Von Polen bis Argentinien, über den Spanischen Staat, die USA und Brasilien waren Frauen in den letzten Jahren an vorderster Front im Kampf für ihre Rechte und gegen ihre reaktionären Regierungen. Nicht umsonst spricht man über eine neue feministische Welle weltweit.

In den letzten Jahrzehnten kam es zu einer massiven Eingliederung von Frauen in den Arbeitsmarkt – unter oft prekären Bedingungen. Das hat erlaubt, die Kämpfe um ihre Rechte zunehmend mit arbeitsbezogenen Forderungen zu verbinden. Dabei kommt immer wieder die enge Verbindung zwischen Kapitalismus und patriarchaler Unterdrückung ans Licht.

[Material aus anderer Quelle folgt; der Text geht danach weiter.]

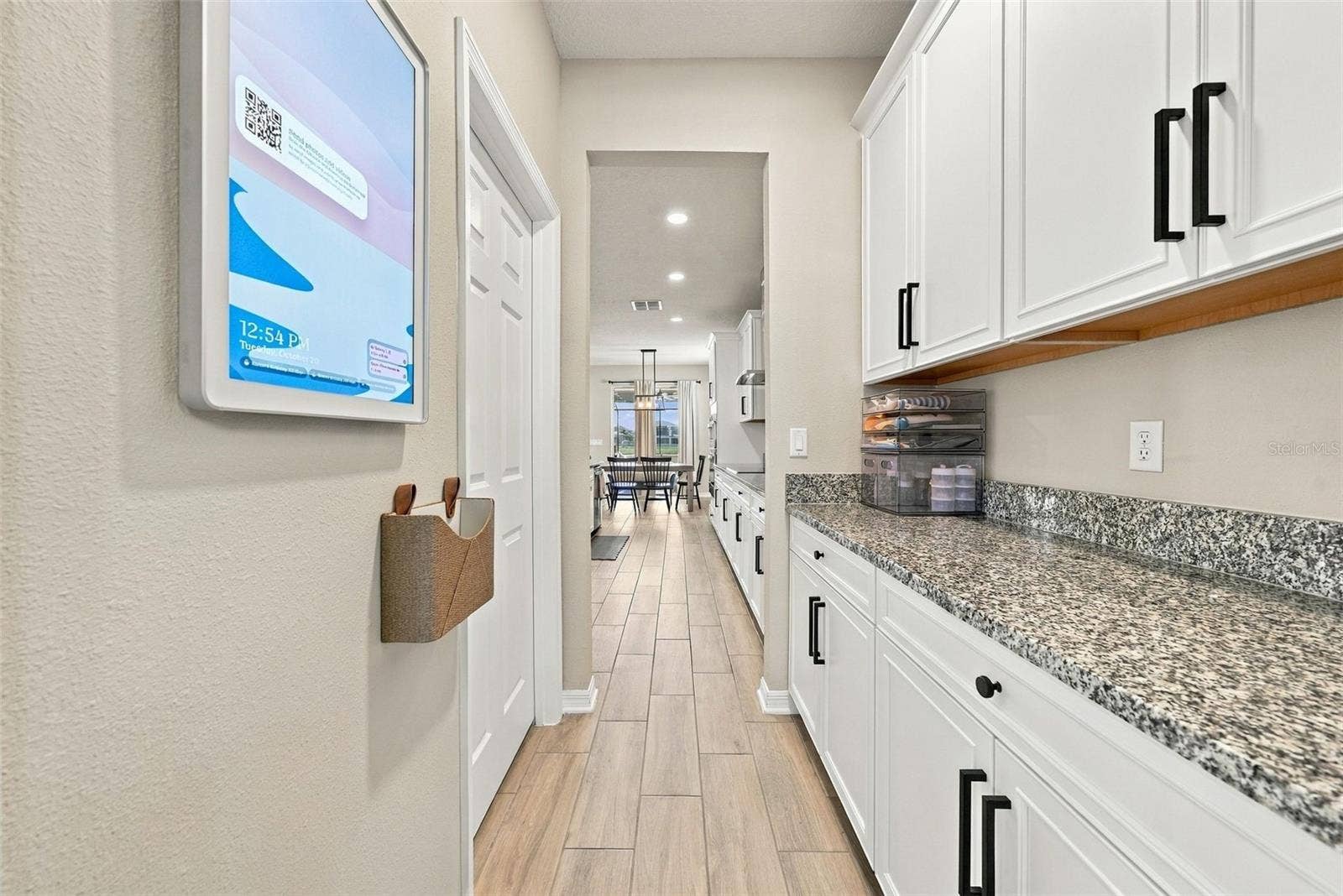 4904 EAGLE ROCK DRIVE, Wimauma, FL 33598 4904 EAGLE ROCK DRIVE, Wimauma, FL 33598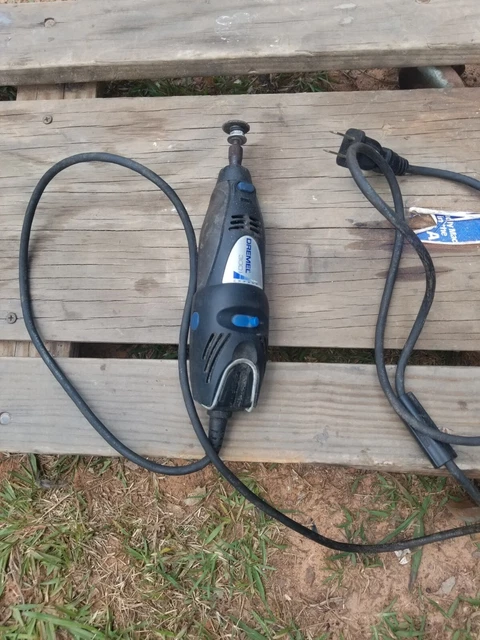 DREMEL 300 Variable Speed Rotary Tool Works **READ** W/ Ez Cutting Wheel Shaft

Ein politisches Manifest der neuen feministischen Welle

Vor einem Publikum, das sich besonders aus Aktivistinnen der internationalen Frauenorganisation Brot und Rosen, sowie arbeitenden Frauen aus verschiedenen Sektoren und Ländern zusammensetzte, erinnerte Andrea D’Atri in ihrem Workshop zunächst an diese neue feministische Welle. Denn in ihren Konntext kann das von drei Akademikerinnen aus den USA geschriebene und am 8. März dieses Jahres veröffentlichte Manifest für einen „Feminismus für die 99%“ klar eingeordnet werden. Als Ergebnis der massiven Mobilisierungen der internationalen Frauenbewegung kristallisiert dieses Manifest einige Tendenzen.

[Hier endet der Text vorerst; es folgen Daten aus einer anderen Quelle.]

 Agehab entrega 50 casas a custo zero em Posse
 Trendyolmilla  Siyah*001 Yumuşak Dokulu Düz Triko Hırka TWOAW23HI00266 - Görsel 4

Erstens handelt es sich dabei um einen gewissen Verlust der ideologischen Vorherrschaft des neoliberalen Feminismus, der die strukturellen Kürzungspläne des Neoliberalismus unterstützte. Indem er den Kampf gegen Unterdrückung durch das Werben für mehr Inklusion der „Vielfalt“ ersetzte, hat dieser Feminismus versucht, die Prekarisierung der Arbeits- und Lebensbedingungen der Frauen zu legitimieren. Dabei hat er sich mit dem Establishment verbündet und die Ankunft von Frauen wie Angela Merkel oder Hillary Clinton in Machtpositionen als feministischen Sieg aller Frauen dargestellt.

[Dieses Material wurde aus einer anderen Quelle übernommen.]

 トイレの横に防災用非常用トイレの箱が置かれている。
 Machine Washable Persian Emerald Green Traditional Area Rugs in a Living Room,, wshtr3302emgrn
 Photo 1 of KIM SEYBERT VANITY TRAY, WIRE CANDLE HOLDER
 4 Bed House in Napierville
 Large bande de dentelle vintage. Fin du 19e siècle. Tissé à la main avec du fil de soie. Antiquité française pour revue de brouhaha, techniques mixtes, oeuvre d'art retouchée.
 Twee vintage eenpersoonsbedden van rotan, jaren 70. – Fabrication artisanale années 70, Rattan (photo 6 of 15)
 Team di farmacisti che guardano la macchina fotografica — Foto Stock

Als nächstes betrachtete Andrea die Entstehung des „Frauenstreiks“ als Methode des Kampfes. Gleichwohl ist der Frauenstreik zu einem sehr weit gefassten Konzept geworden, weil die Gewerkschaftsbürokratien selten echte Streikaktionen zugelassen haben und der Feminismus seinerseits mit diesem Begriff eine Reihe von Praktiken benennt – von Arbeitsniederlegungen bis hin zur Verweigerung von Konsum oder den Demonstrationen selbst. Dennoch fragte Andrea, ob die Wiederaufnahme des Begriffs „Streik“ durch die feministische Bewegung nicht die zunehmende Integration von Frauen in die weltweite Arbeiter*innenklasse ausdrückt, von der sie aktuell 47% ausmachen.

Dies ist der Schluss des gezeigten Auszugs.